Concernant le BTP, ce n’est un secret pour personne, les enjeux de décarbonation sont colossaux. C’est pourquoi une politique de baisse de la consommation d’énergie des logements est menée depuis plusieurs années en France, avec en tête, la massification des rénovations énergétiques pour éradiquer les cinq millions de passoires thermiques du territoire. Mais il ne s’agit pas de la seule nature d’action menée dans ce secteur, ce qui rend la tâche de la mesure des coûts d’abattement plus ardue. En effet, on pense notamment aussi aux incitations à adopter des pratiques et habitudes moins énergivores au quotidien, tout ce qui ressort de la sobriété énergétique largement mise sur le devant de la scène depuis plusieurs mois. Aussi, comme l’indique la note de synthèse, « l’évaluation des coûts se heurte à des difficultés tenant à la fois à la nature des actions (quels sont les coûts à associer aux changements de comportement ?) et à l’extrême diversité tant des conditions initiales du bâti que de la situation des acteurs impliqués. »

Les résultats obtenus sont donc teintés d’incertitude. À minima peut-on retenir du travail de la commission de Patrick Criqui des recommandations pour optimiser les coûts d’abattement, telles que celle de garder une diversification dans les émetteurs et sources d’énergies décarbonés employés dans les logements français.
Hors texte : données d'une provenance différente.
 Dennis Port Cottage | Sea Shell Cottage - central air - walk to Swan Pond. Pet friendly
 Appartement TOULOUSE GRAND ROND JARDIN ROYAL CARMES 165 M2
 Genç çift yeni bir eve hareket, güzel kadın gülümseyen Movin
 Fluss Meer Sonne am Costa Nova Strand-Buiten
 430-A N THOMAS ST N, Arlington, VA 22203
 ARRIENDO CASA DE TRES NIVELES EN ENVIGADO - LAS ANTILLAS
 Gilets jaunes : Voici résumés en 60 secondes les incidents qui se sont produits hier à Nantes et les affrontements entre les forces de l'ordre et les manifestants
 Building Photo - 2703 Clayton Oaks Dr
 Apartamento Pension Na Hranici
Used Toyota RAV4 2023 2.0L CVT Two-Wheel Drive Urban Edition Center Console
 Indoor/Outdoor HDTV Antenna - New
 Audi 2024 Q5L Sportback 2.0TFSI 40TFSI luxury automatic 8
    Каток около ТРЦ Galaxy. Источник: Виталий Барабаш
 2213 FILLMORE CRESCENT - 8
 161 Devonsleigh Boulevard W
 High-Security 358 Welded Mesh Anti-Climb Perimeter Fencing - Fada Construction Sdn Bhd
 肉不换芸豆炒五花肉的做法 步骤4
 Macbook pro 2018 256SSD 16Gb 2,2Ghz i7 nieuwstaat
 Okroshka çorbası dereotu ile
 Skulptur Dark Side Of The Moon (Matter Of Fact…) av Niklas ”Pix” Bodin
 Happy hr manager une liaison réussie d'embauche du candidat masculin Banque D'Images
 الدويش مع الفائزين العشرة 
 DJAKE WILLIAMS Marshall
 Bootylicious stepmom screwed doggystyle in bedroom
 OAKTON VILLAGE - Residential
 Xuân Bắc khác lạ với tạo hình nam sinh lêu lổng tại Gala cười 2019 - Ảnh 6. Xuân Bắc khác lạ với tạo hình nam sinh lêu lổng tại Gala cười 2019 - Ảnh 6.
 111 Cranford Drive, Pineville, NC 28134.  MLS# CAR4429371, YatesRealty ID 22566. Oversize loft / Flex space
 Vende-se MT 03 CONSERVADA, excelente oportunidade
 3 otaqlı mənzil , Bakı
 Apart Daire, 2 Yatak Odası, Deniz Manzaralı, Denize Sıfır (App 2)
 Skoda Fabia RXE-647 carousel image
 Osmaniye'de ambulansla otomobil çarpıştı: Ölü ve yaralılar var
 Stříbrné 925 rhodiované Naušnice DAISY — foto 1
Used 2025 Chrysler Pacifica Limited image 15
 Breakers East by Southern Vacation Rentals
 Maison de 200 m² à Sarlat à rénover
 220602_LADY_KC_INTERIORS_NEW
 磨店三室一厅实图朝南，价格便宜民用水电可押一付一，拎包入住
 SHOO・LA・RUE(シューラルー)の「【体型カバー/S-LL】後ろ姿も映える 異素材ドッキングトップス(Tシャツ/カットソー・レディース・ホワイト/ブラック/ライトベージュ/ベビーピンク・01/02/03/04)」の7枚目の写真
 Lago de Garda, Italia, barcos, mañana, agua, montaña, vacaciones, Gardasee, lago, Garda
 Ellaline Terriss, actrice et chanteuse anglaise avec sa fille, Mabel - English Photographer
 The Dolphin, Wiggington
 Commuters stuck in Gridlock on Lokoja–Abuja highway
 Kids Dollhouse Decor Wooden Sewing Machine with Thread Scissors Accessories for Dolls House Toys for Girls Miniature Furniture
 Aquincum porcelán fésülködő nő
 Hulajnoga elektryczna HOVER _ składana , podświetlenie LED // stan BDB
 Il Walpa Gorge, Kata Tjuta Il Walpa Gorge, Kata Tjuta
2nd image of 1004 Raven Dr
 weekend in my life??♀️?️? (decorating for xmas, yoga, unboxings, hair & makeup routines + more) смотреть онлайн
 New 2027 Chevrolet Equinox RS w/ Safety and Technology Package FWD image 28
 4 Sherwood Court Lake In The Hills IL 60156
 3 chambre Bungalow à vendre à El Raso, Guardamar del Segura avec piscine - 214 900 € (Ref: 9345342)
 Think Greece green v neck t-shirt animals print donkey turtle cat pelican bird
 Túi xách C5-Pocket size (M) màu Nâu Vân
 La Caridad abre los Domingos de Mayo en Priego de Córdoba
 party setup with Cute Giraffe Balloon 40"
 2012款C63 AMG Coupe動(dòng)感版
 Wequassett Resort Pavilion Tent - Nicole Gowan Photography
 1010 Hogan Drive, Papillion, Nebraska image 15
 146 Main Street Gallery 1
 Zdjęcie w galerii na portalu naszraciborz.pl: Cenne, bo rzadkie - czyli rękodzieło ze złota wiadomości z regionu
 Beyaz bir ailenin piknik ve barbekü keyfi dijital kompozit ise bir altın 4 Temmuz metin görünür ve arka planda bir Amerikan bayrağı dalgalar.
En outre, il y apparaît qu’un rythme soutenu de rénovations énergétiques dans les dix prochaines années se justifie bel et bien économiquement : en effet, on apprend dans le texte que « dès 2025, une rénovation très performante vers la classe B (type BBC Rénovation) avec électrification serait socioéconomiquement coût-efficace pour près de 6 millions de logements, soit la plupart des logements chauffés au fioul et des logements de classes F et G chauffés au gaz ». 

En revanche, l’enquête démontre que les coûts d’abattement sont moindres lorsque l’on effectue une électrification du chauffage dans un bâtiment résidentiel accompagné de travaux permettant d’aller vers une classe C au DPE : pour ce type de rénovation, le prix serait compris « entre -20 €/tCO2 pour les logements de classe initiale G et 130 €/tCO2 pour ceux de la classe D, contre 70 €/tCO2 à 290 €/tCO2 dans le cas d’une rénovation vers la classe B ». 

Si plusieurs informations sont accessibles dans le rapport de synthèse, on en retient tout de même principalement « l’incertitude radicale à laquelle nous confronte l’objectif extraordinairement ambitieux que constitue la neutralité carbone », ce dernier n’en restant pas moins absolument nécessaire. Pour la commission de Patrick Criqui, cette conclusion amène surtout à se questionner sur d’autres méthodes de calcul des coûts d’abattement, notamment au travers de nouvelles analyses « risques-opportunités ».